## Activity
Line by line, reproduce the records exactly.
[[ Records to process open ]]
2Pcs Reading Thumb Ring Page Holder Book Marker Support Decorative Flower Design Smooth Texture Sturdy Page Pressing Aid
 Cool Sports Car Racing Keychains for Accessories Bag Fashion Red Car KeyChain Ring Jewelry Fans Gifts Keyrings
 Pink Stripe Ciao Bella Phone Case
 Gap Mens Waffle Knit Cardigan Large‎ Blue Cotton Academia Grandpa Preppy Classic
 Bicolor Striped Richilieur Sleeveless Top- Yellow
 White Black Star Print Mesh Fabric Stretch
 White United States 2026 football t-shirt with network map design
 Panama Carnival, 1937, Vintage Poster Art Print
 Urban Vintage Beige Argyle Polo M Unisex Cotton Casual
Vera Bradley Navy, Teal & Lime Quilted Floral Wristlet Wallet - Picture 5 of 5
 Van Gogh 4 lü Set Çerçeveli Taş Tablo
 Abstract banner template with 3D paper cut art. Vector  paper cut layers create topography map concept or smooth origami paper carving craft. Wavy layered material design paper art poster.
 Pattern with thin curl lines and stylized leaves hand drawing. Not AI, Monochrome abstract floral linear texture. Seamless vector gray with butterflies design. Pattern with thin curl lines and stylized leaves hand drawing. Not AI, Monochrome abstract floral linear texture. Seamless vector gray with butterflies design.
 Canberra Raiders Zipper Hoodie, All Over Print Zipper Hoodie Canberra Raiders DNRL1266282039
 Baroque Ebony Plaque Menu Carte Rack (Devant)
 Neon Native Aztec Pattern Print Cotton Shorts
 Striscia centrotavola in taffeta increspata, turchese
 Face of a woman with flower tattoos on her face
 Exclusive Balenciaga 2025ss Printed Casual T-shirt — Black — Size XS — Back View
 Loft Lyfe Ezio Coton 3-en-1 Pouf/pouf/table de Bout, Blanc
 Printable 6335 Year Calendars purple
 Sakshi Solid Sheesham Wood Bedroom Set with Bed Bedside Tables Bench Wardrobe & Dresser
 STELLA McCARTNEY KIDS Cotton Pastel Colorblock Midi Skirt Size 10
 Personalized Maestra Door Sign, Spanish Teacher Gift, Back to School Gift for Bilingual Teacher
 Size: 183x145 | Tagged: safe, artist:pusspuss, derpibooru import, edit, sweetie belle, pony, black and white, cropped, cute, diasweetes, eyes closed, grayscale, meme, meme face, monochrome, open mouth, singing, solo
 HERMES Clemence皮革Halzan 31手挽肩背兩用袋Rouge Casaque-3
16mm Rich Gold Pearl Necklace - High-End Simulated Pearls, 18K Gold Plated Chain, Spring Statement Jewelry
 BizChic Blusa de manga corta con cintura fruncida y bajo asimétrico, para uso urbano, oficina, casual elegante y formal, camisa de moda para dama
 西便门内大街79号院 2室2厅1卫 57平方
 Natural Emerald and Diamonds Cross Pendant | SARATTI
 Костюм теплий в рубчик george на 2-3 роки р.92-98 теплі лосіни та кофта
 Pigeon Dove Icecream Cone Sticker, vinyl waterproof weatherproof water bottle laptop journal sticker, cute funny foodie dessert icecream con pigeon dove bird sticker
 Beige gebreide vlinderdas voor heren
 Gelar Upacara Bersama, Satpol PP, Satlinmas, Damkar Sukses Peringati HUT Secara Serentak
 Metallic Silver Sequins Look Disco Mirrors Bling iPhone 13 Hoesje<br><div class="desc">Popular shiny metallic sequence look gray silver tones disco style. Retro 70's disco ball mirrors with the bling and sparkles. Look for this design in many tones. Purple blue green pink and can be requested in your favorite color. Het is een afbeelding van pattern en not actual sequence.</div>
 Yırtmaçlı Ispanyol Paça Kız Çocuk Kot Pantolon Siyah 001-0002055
[[ Records to process closed ]]
## Exercise answer
2Pcs Reading Thumb Ring Page Holder Book Marker Support Decorative Flower Design Smooth Texture Sturdy Page Pressing Aid
 Cool Sports Car Racing Keychains for Accessories Bag Fashion Red Car KeyChain Ring Jewelry Fans Gifts Keyrings
 Pink Stripe Ciao Bella Phone Case
 Gap Mens Waffle Knit Cardigan Large‎ Blue Cotton Academia Grandpa Preppy Classic
 Bicolor Striped Richilieur Sleeveless Top- Yellow
 White Black Star Print Mesh Fabric Stretch
 White United States 2026 football t-shirt with network map design
 Panama Carnival, 1937, Vintage Poster Art Print
 Urban Vintage Beige Argyle Polo M Unisex Cotton Casual
Vera Bradley Navy, Teal & Lime Quilted Floral Wristlet Wallet - Picture 5 of 5
 Van Gogh 4 lü Set Çerçeveli Taş Tablo
 Abstract banner template with 3D paper cut art. Vector  paper cut layers create topography map concept or smooth origami paper carving craft. Wavy layered material design paper art poster.
 Pattern with thin curl lines and stylized leaves hand drawing. Not AI, Monochrome abstract floral linear texture. Seamless vector gray with butterflies design. Pattern with thin curl lines and stylized leaves hand drawing. Not AI, Monochrome abstract floral linear texture. Seamless vector gray with butterflies design.
 Canberra Raiders Zipper Hoodie, All Over Print Zipper Hoodie Canberra Raiders DNRL1266282039
 Baroque Ebony Plaque Menu Carte Rack (Devant)
 Neon Native Aztec Pattern Print Cotton Shorts
 Striscia centrotavola in taffeta increspata, turchese
 Face of a woman with flower tattoos on her face
 Exclusive Balenciaga 2025ss Printed Casual T-shirt — Black — Size XS — Back View
 Loft Lyfe Ezio Coton 3-en-1 Pouf/pouf/table de Bout, Blanc
 Printable 6335 Year Calendars purple
 Sakshi Solid Sheesham Wood Bedroom Set with Bed Bedside Tables Bench Wardrobe & Dresser
 STELLA McCARTNEY KIDS Cotton Pastel Colorblock Midi Skirt Size 10
 Personalized Maestra Door Sign, Spanish Teacher Gift, Back to School Gift for Bilingual Teacher
 Size: 183x145 | Tagged: safe, artist:pusspuss, derpibooru import, edit, sweetie belle, pony, black and white, cropped, cute, diasweetes, eyes closed, grayscale, meme, meme face, monochrome, open mouth, singing, solo
 HERMES Clemence皮革Halzan 31手挽肩背兩用袋Rouge Casaque-3
16mm Rich Gold Pearl Necklace - High-End Simulated Pearls, 18K Gold Plated Chain, Spring Statement Jewelry
 BizChic Blusa de manga corta con cintura fruncida y bajo asimétrico, para uso urbano, oficina, casual elegante y formal, camisa de moda para dama
 西便门内大街79号院 2室2厅1卫 57平方
 Natural Emerald and Diamonds Cross Pendant | SARATTI
 Костюм теплий в рубчик george на 2-3 роки р.92-98 теплі лосіни та кофта
 Pigeon Dove Icecream Cone Sticker, vinyl waterproof weatherproof water bottle laptop journal sticker, cute funny foodie dessert icecream con pigeon dove bird sticker
 Beige gebreide vlinderdas voor heren
 Gelar Upacara Bersama, Satpol PP, Satlinmas, Damkar Sukses Peringati HUT Secara Serentak
 Metallic Silver Sequins Look Disco Mirrors Bling iPhone 13 Hoesje<br><div class="desc">Popular shiny metallic sequence look gray silver tones disco style. Retro 70's disco ball mirrors with the bling and sparkles. Look for this design in many tones. Purple blue green pink and can be requested in your favorite color. Het is een afbeelding van pattern en not actual sequence.</div>
 Yırtmaçlı Ispanyol Paça Kız Çocuk Kot Pantolon Siyah 001-0002055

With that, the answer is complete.